File Loader

File Loader provides a simple way to load data into a Tabular table by automatically loading data files from a designated s3 location.

On this page:

How does File Loader work?

Currently, the File Loader uses S3 notifications configured for a specific path within your bucket to “listen” for new files being created.

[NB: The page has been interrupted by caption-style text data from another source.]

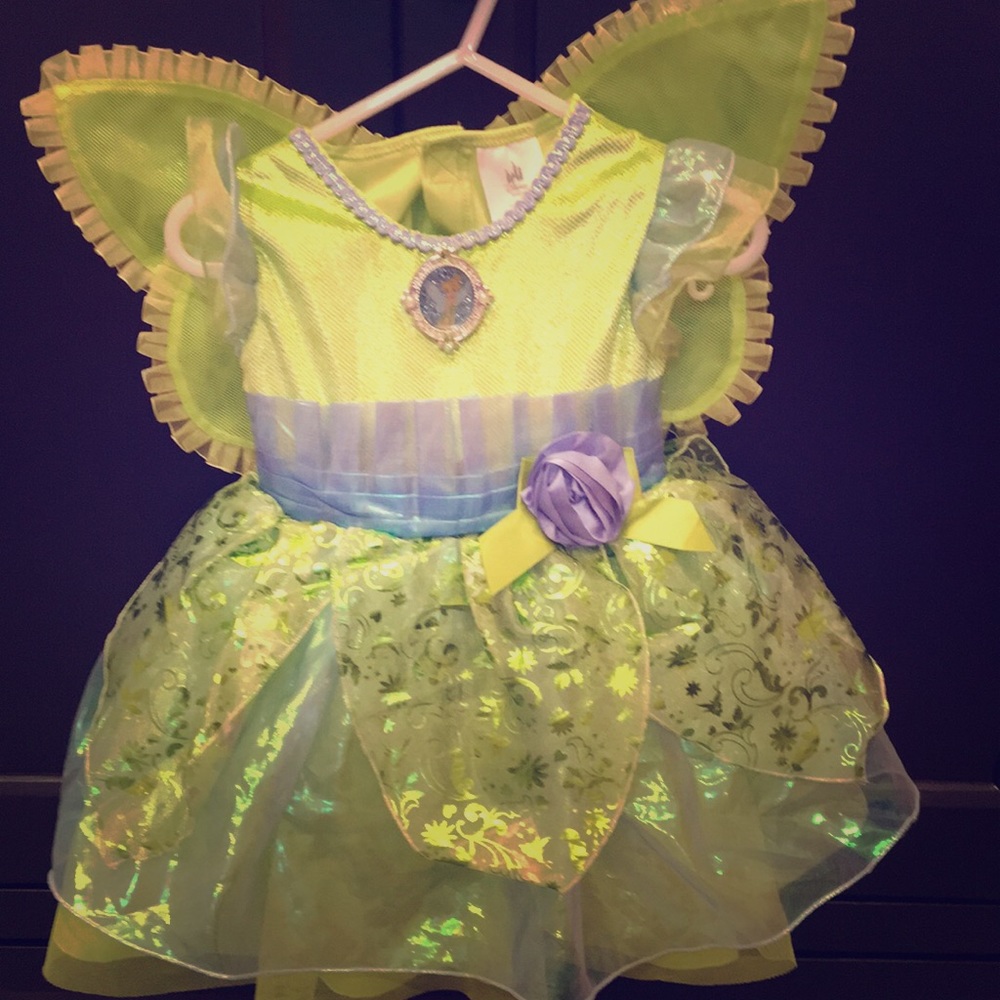 Disney Tinkerbell Costume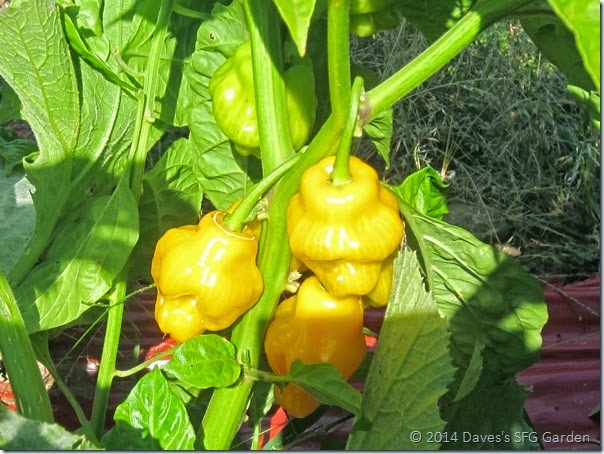 Trinidad_peppers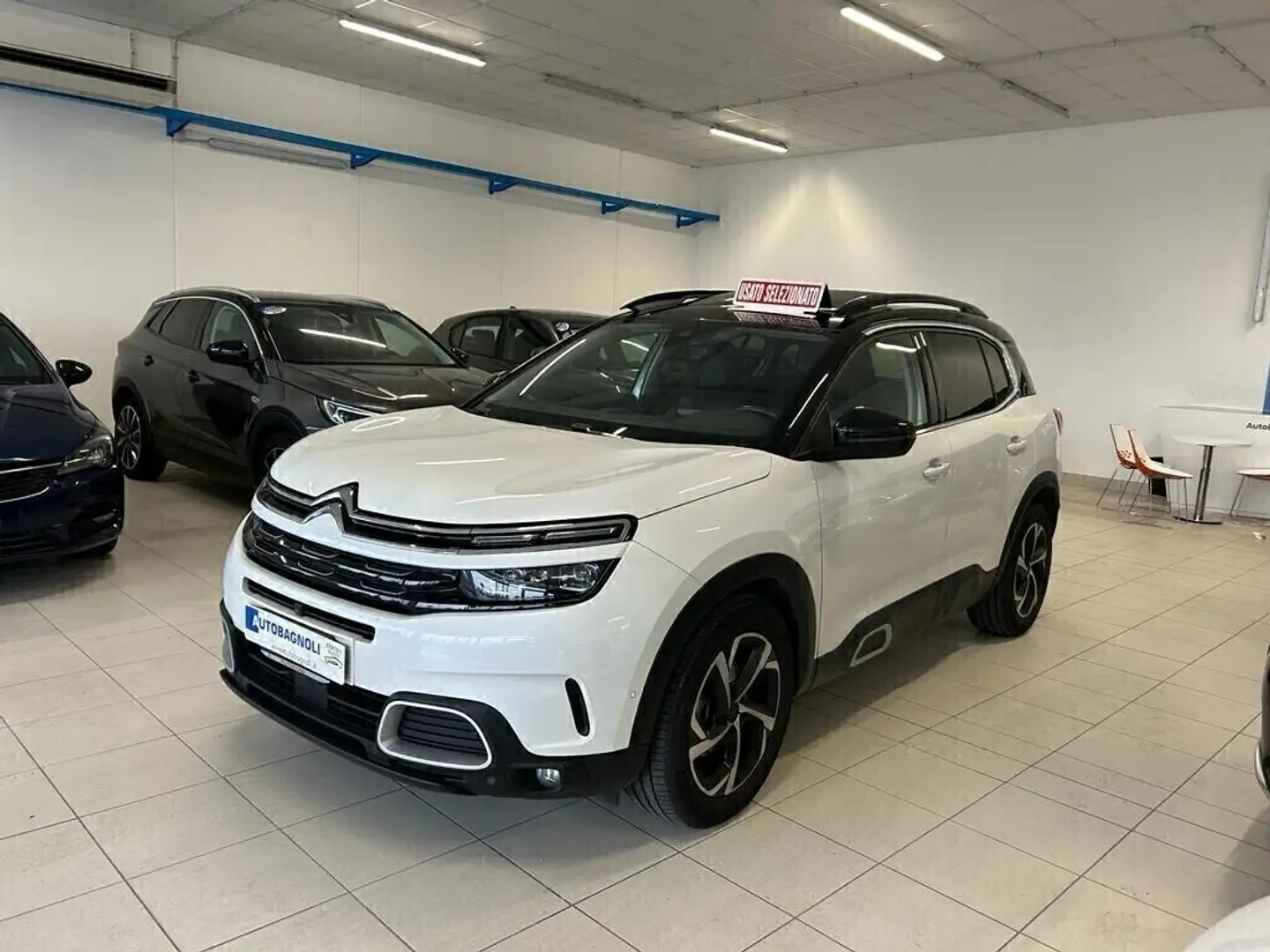 Citroen C5 Aircross SHINE BlueHDi 180 EAT8 TETTO PELLE Blanc - 1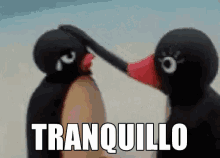 tranquillo-tranquilla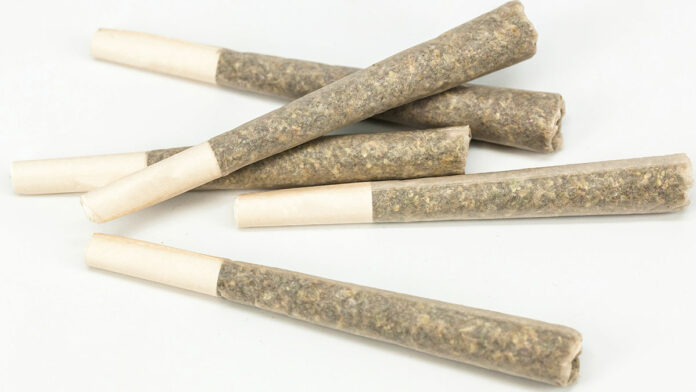 Business Dries Up After Initial Rush of Cannabis Panic Buying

By using S3 notifications to signal files that need to be loaded, the File Loader enables low latencies for data from newly created files to be available within the Tabular table, typically within 5 minutes.

Initial Setup

In order to use an s3 bucket as a source for File Loader, you must configure the AWS IAM role for a Tabular warehouse with appropriate permissions to the s3 bucket and create an s3 bucket notification event to notify Tabular when new data files are available to load.

If the File Loader location is in the same bucket as the table being loaded, then no additional IAM privileges are required; just the s3 bucket notification.

IAM Policy

Tabular requires the following actions on an s3 bucket as a File Loader source:

  • s3:ListBucket
  • s3:GetBucketLocation
  • s3:GetBucketNotification
  • s3:PutBucketNotification
  • s3:GetObject

Example IAM policy (substitute <s3-bucket-name> with your s3 bucket name)

{
  "Version": "2012-10-17",
  "Statement": [
    {
      "Effect": "Allow",
      "Action": [
        "s3:ListBucket",
        "s3:GetBucketLocation",
        "s3:GetBucketNotification",
        "s3:PutBucketNotification"
      ],
     "Resource": [
        "arn:aws:s3:::<s3-bucket-name>"
      ]
    },
    {
      "Effect": "Allow",
      "Action": [
        "s3:GetObject"
      ],
      "Resource": [
         "arn:aws:s3:::<s3-bucket-name>/<file-loader-prefix>/*"
      ]
    }
  ]
}

Event Notification for File Loader

When creating the s3 bucket event notification, use the following settings:

  • Prefix (optional): <file-loader-prefix>/
  • Event Types: All object create events
  • Destination: SQS topic
  • SQS topic ARN: arn:aws:sqs:us-east-1:237881912361:tabular-loader-s3-notifications-queue

The <file-loader-prefix> is optional. If provided, only files that are created under that prefix will be eligible for auto-loading. The default prefix is tabular/staged/.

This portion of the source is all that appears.